Leader of the People’s Action Movement
- In office 9 June 2024 – 31 July 2026
- Preceded by: Shawn Richards

Personal details
- Born: 26 October 1981 (age 44)
- Party: People's Action Movement
- Education: University of Huddersfield City Law School, London Norman Manley Law School

= Natasha Grey-Brookes =

Saint Kitts and Nevis politician (born 1981)

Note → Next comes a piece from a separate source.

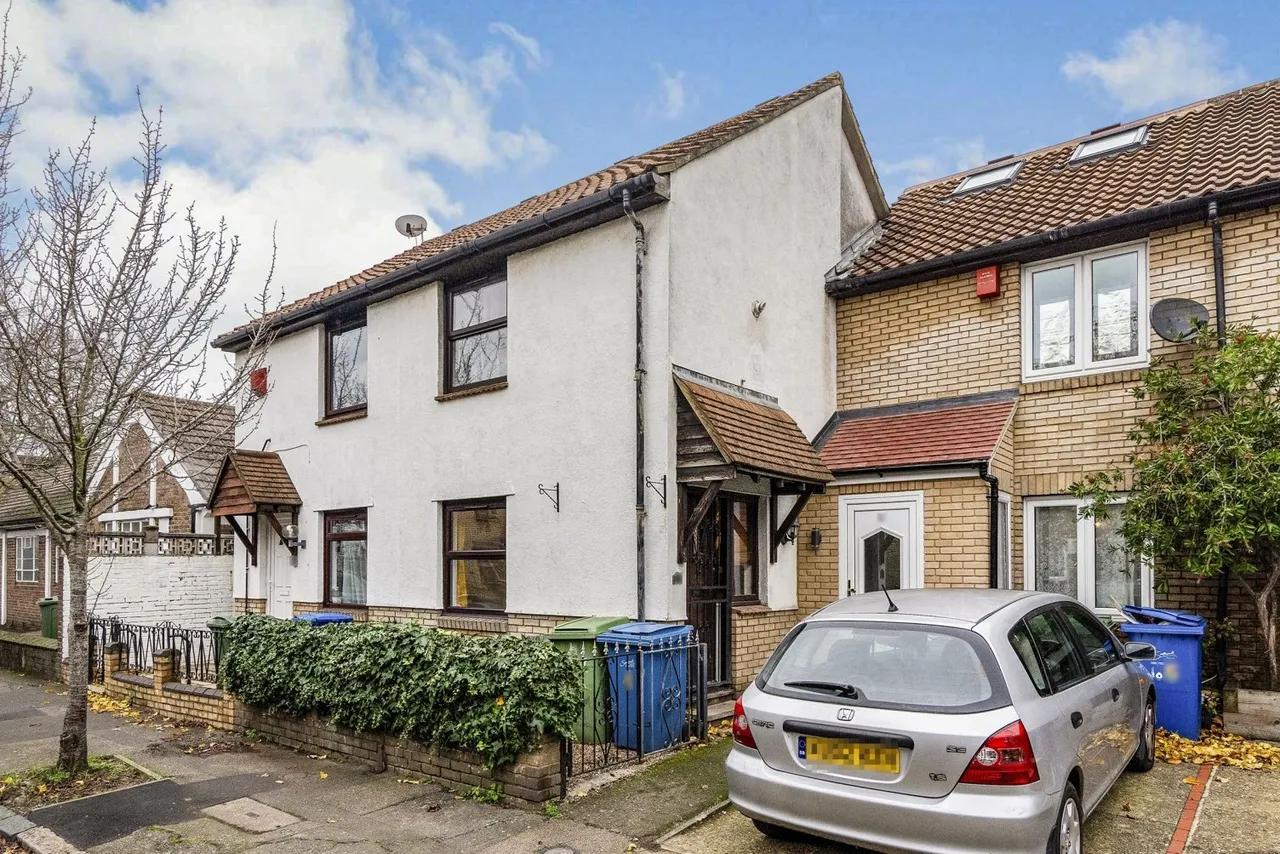 Trothy Road, Southwark, SE1, photo 7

Natasha Grey-Brookes (born 26 October 1981) is an attorney and politician from Saint Kitts and Nevis who from June 2024 to July 2026 was the leader of the People’s Action Movement (PAM), a significant political party in the federation.

==Legal career==
In 2007, Grey-Brookes began studying law at the University of Huddersfield and graduated in 2010. She then started a Bar Professional Training Course at the City Law School in London, graduating in 2011. In 2012, she graduated from the Norman Manley Law School with a Legal Education Certificate. She was called to the Bar in St Kitts and Nevis in July 2012, and is still practicing law.

==Political career==
Grey-Brookes became General Secretary of the People’s Action Movement (PAM) in 2019. In the 2022 general election, she stood as the PAM candidate for East Basseterre (constituency #1), coming second to the Saint Kitts and Nevis Labour Party. In May 2024, following Shawn Richards’ announcement he would step down as leader of PAM, Grey-Brookes launched her candidacy to succeed him as leader. In June 2024, she was officially elected as leader of PAM at their 58th National Convention, becoming the party’s fifth leader and the first woman to become leader of PAM and of a political party on the island of Saint Kitts. In July 2026, Grey-Brookes was inducted as an honorary member of Sigma Gamma Rho as part of the 2026 Honorary Membership Class.

On 27 July 2026, Grey-Brookes announced her intention to resign as PAM leader, formally stepping down from the position on 31 July 2026.